Ahora que ha concluido la simulación de la primera fase de las precampañas, el PRI se acaba de sacar de la manga otra mierdez del tamaño de la que apareció en Puebla: en un spot tratan de infundir miedo a la población diciendo que está en peligro de que desaparezcan los servicios de salud y vivienda.

No menciona a López Obrador; pero para él está dedicada la ríada que le avientan.

Dice el spot priísta: “Imagina un día sin atención médica para ti y tu familia; un día sin desayunos escolares para los más necesitados; sin créditos y apoyos para la vivienda. Sin maestros, escuelas, ni educación gratuita”.

Y remacha el PRI, diciendo: “A veces no valoramos lo que tenemos, sin pensar que un día podemos perderlo o nos lo pueden desaparecer. Hemos construido las instituciones que hoy nos protegen y benefician a todos. En el PRI apostamos al futuro. Piénsalo”.

Y en el colmo de la desvergüenza, el Revolucionario Institucional concluye, diciendo: “México gana con el PRI”.

Ningún aspirante presidencial ha sido el blanco de ataques tan arteros y sucios como lo ha sido López Obrador. Las encuestas han comenzado a colocarlo a la baja, en tanto que han hecho aparecer al precandidato panista, Ricardo Anaya, como el aspirante que crece  y se acerca.

Esta guerra asquerosa –cuyo propósito es mentir por antonomasia y tratar de sorprender al mayor número de gente posible-  ya tendría que ser motivo para que el Congreso mexicano tomara cartas en el asunto. Pero no lo hace.

Al contrario. Se suma a lo que, al parecer, es una campaña con la que se pretende derribar al puntero de la carrera presidencial.

Verbigracia. Ayer, lunes 12, Édgar Romo García, presidente de la Mesa Directiva de la Cámara de Diputados y diputado federal priísta, ha conminado a las fracciones parlamentarias que conforman el Pleno de San Lázaro a trabajar “sin inclinaciones electorales”. Y a “privilegiar el desarrollo del país y el bien común, más allá de la competencia electoral”.

Lo que se infiere de este llamado no es otra cosa que en realidad pretenden cerrar la puerta de la Cámara de Diputados al tema electoral.

Puede inferirse también que lo que Romo pretende es tirar línea para que los legisladores sólo se ocupen de la función legislativa, pero no de la del control político, en cuyo terreno está la obligación constitucional de los legisladores de atender estos asuntos como el de la guerra sucia.

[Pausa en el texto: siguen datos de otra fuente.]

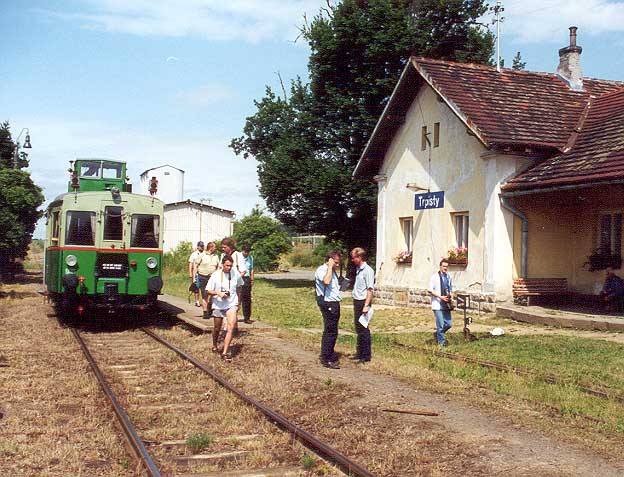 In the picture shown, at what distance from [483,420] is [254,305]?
14941mm

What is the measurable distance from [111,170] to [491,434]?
565 inches

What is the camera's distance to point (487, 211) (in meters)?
17.8

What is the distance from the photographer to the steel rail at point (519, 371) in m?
8.75

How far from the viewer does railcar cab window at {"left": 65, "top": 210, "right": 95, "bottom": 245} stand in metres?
15.4

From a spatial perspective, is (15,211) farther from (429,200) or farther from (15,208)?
(429,200)

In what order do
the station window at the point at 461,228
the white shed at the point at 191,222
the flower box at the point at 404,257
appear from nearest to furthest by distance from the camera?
the station window at the point at 461,228 → the flower box at the point at 404,257 → the white shed at the point at 191,222

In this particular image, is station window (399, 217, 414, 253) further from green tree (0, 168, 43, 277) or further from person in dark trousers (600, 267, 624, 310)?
green tree (0, 168, 43, 277)

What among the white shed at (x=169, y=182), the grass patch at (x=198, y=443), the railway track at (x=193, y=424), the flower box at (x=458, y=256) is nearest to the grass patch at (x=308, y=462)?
the railway track at (x=193, y=424)

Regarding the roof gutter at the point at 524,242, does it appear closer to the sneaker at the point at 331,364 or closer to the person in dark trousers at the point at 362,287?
the person in dark trousers at the point at 362,287

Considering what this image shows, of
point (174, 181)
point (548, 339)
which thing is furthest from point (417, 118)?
point (174, 181)

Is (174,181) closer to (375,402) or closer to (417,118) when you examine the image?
(417,118)

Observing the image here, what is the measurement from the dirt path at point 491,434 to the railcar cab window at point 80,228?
23.3 ft

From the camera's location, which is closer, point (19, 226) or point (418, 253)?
point (418, 253)

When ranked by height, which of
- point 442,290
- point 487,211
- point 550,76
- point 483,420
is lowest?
point 483,420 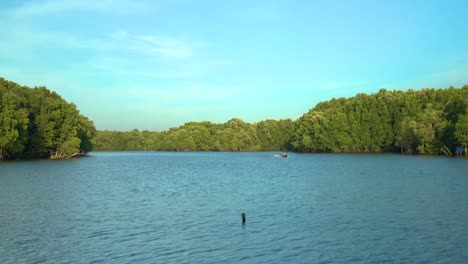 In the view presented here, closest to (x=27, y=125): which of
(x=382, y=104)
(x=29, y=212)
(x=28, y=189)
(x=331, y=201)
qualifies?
(x=28, y=189)

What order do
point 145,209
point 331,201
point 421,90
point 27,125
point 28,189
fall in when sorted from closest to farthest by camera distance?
point 145,209 → point 331,201 → point 28,189 → point 27,125 → point 421,90

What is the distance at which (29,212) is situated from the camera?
32656 millimetres

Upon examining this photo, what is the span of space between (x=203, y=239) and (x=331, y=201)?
17576 millimetres

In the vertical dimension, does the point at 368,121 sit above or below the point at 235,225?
above

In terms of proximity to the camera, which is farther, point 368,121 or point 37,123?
point 368,121

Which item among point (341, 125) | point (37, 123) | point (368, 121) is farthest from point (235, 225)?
point (368, 121)

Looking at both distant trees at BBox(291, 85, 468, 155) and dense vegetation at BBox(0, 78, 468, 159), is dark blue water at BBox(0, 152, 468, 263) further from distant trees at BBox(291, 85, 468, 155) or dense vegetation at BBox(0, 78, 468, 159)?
distant trees at BBox(291, 85, 468, 155)

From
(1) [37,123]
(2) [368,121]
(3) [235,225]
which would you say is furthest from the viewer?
(2) [368,121]

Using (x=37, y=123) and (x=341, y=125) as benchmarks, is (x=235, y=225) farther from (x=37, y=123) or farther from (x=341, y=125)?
(x=341, y=125)

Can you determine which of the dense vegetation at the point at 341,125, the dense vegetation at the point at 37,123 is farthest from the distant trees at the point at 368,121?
the dense vegetation at the point at 37,123

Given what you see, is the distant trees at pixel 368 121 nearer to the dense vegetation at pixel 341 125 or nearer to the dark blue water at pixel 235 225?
the dense vegetation at pixel 341 125

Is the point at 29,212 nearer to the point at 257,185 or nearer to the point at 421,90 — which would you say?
the point at 257,185

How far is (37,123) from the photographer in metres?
116

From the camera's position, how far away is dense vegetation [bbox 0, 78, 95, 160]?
102 m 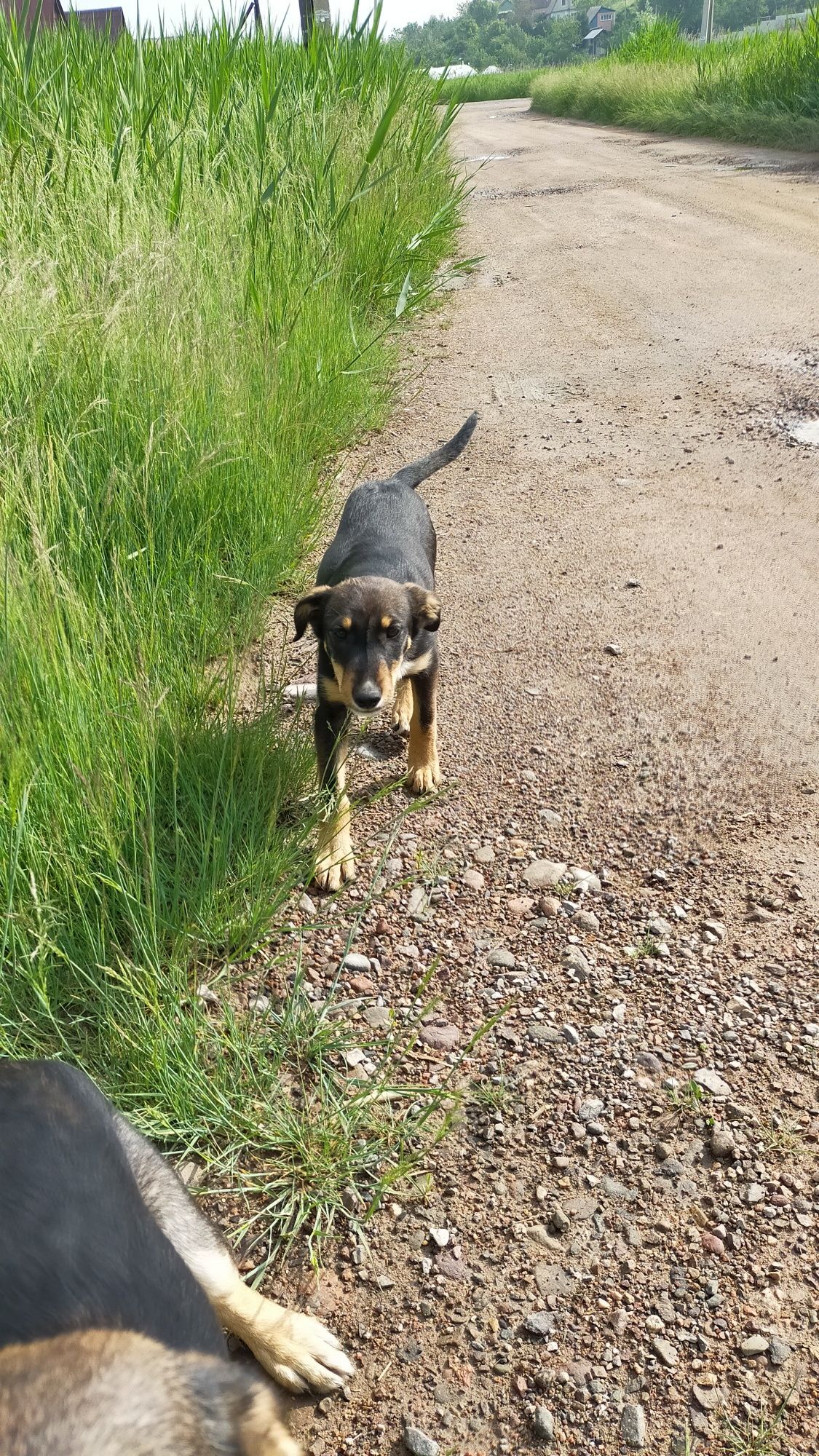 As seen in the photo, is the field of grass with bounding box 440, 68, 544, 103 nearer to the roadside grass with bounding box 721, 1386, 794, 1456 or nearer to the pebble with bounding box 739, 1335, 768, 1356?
the pebble with bounding box 739, 1335, 768, 1356

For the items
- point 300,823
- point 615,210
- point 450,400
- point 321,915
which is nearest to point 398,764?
point 300,823

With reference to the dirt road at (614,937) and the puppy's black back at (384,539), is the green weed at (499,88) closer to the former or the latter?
the dirt road at (614,937)

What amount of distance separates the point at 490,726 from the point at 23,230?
259 cm

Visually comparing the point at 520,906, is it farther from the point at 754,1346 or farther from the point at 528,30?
the point at 528,30

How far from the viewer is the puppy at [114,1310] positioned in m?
1.08

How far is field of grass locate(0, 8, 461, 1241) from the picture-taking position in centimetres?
232

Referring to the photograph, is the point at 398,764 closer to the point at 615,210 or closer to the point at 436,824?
the point at 436,824

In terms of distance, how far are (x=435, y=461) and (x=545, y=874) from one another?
2531 mm

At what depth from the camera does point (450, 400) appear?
22.3 ft

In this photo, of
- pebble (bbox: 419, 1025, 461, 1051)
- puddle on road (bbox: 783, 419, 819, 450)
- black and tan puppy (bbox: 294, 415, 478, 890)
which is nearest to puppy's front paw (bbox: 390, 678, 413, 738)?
black and tan puppy (bbox: 294, 415, 478, 890)

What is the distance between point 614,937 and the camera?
2.90 metres

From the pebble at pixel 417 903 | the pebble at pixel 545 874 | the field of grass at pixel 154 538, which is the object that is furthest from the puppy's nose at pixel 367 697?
the pebble at pixel 545 874

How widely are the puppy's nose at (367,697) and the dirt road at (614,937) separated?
442 mm

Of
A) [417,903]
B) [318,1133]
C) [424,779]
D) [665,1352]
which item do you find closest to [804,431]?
[424,779] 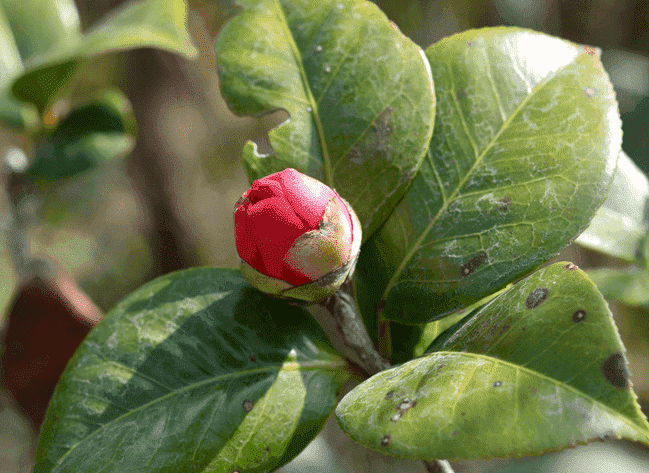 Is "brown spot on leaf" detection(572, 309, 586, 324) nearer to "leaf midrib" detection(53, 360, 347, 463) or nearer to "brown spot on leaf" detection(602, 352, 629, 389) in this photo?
"brown spot on leaf" detection(602, 352, 629, 389)

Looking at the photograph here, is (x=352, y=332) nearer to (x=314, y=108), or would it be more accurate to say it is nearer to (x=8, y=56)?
(x=314, y=108)

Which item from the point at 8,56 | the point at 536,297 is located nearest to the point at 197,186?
the point at 8,56

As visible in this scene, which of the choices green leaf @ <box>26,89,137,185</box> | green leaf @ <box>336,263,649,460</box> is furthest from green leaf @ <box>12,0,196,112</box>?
green leaf @ <box>336,263,649,460</box>

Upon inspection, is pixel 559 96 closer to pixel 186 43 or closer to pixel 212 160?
pixel 186 43

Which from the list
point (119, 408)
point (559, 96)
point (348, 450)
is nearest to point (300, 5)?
point (559, 96)

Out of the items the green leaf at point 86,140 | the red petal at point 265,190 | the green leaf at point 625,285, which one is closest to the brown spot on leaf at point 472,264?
the red petal at point 265,190

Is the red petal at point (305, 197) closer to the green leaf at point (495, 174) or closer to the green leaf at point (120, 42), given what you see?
the green leaf at point (495, 174) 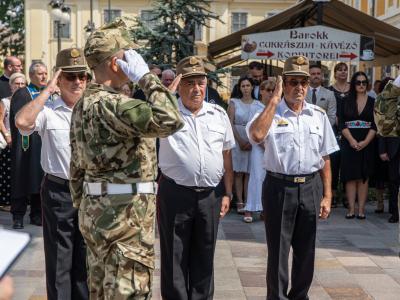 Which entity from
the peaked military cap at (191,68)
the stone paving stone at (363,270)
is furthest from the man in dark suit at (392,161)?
the peaked military cap at (191,68)

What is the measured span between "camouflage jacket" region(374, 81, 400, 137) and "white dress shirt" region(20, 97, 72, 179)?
7.07 feet

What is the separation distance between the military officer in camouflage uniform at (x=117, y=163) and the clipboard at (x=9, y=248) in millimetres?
1501

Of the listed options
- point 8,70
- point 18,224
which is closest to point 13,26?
point 8,70

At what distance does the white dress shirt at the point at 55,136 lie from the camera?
186 inches

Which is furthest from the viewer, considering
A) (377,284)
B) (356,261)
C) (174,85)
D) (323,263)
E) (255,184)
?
(255,184)

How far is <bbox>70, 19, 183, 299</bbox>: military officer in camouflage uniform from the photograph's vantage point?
3.39 meters

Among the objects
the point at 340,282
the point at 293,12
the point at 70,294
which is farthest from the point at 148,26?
the point at 70,294

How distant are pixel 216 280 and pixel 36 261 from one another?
1.86 meters

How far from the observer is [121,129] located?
3.36 meters

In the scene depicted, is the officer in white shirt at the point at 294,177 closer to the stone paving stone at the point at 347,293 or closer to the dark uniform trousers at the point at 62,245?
the stone paving stone at the point at 347,293

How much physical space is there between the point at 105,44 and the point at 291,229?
221cm

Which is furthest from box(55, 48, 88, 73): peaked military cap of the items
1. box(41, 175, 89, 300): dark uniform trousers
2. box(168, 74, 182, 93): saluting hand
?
box(41, 175, 89, 300): dark uniform trousers

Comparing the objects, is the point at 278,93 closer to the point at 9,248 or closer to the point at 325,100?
the point at 9,248

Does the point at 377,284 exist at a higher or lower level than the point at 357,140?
lower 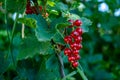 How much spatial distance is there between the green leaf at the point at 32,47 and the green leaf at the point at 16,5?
0.34 ft

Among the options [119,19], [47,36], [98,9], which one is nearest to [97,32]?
[119,19]

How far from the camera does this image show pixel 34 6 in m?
1.25

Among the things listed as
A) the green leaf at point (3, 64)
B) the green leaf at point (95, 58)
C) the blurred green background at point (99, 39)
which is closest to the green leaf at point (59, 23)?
the green leaf at point (3, 64)

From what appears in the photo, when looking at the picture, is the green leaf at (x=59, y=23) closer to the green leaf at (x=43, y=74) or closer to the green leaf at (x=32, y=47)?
the green leaf at (x=32, y=47)

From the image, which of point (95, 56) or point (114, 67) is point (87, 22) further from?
point (114, 67)

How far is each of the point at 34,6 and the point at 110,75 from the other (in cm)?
175

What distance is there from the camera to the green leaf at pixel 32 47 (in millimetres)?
1162

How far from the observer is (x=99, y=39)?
338 centimetres

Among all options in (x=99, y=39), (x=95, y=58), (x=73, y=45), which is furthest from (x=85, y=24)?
(x=99, y=39)

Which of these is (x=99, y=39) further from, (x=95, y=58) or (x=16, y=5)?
(x=16, y=5)

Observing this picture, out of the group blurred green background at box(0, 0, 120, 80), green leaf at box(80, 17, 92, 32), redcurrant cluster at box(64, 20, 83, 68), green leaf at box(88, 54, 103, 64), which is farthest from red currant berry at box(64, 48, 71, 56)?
green leaf at box(88, 54, 103, 64)

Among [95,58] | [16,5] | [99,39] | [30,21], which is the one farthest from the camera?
[99,39]

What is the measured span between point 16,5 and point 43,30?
183 mm

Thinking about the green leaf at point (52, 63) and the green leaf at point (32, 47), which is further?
the green leaf at point (52, 63) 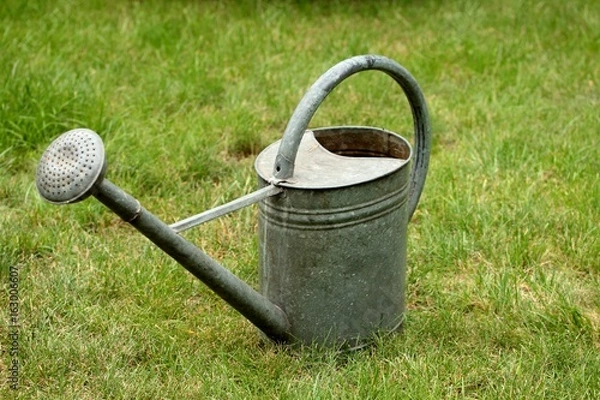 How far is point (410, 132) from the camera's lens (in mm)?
4160

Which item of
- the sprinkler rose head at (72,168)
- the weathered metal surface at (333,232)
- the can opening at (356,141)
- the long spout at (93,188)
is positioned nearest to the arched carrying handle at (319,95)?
the weathered metal surface at (333,232)

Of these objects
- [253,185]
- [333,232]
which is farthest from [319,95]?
[253,185]

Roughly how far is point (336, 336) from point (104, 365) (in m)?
0.63

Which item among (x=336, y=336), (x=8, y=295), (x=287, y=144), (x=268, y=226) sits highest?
(x=287, y=144)

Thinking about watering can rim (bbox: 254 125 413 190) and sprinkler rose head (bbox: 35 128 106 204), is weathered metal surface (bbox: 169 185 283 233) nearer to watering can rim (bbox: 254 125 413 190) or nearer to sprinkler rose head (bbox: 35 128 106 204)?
watering can rim (bbox: 254 125 413 190)

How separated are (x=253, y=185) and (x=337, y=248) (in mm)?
1184

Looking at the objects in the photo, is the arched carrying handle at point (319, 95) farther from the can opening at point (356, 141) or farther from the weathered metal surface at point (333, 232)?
the can opening at point (356, 141)

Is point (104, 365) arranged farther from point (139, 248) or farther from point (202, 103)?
point (202, 103)

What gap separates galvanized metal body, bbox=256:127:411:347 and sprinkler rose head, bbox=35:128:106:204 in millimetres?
528

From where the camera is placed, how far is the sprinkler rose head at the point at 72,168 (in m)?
2.12

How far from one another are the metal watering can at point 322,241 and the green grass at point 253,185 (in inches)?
4.5

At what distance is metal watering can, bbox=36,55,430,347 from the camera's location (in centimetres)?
246

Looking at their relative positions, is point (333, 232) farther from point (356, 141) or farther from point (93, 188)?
point (93, 188)

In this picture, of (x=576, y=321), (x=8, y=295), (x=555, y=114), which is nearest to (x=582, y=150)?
(x=555, y=114)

“Sin importar el desarrollo y resultado de las elecciones, los legisladores, debemos tener el inquebrantable compromiso de mantener el actuar parlamentario enfocado a las demandas de los mexicanos”, así decía Romo García procurando acaso deslindar las actividades de la Cámara de Diputados respecto de temas sensibles como éste, que sin duda debería ser objeto de revisión mediante la instalación incluso de múltiples comisiones especiales que dieran seguimiento al desarrollo de la elección presidencial.

Ya se ha dicho en este espacio; pero para no perder de vista el contexto conviene insistir en que las dos Cámaras que conforman el Congreso de la Unión tienen dos funciones esenciales: servir de contrapeso al ejercicio del poder público y construir leyes. La más importante de las funciones, la número Uno, es la del contrapeso.

Y convertirse en el contrapeso es echar mano de todas las facultades que la ley otorga a diputados y senadores para revisar no sólo ejercicios del poder público constitucional, sino también para llamar a la rendición de cuentas a todas las entidades públicas, incluidos los partidos políticos. Y someterlos a escrutinio público.

Los diputados y senadores tiene ante sí dos formas de involucrarse en el tema: airear la guerra sucia desde las tribunas y considerar la creación de comisiones especiales que den seguimiento al proceso electoral, que abierto está.

¿Lo harán? Hoy tendrían que proponer algo así, en el Senado y en San Lázaro. Veremos hasta dónde quieren, o les permiten, llegar.

ESTRIBO

La Ley de Seguridad Interior, que el Congreso aprobó a matacaballo en diciembre pasado, fue objeto ayer de una nueva demanda de controversia, que el gobernador de Chihuahua Javier Corral presentó ante la Suprema Corte de Justicia de la Nación. “Invasión de la soberanía estatal y vulneración de los principios de justicia y derechos humanos”, son los motivos de la presentación de la demanda.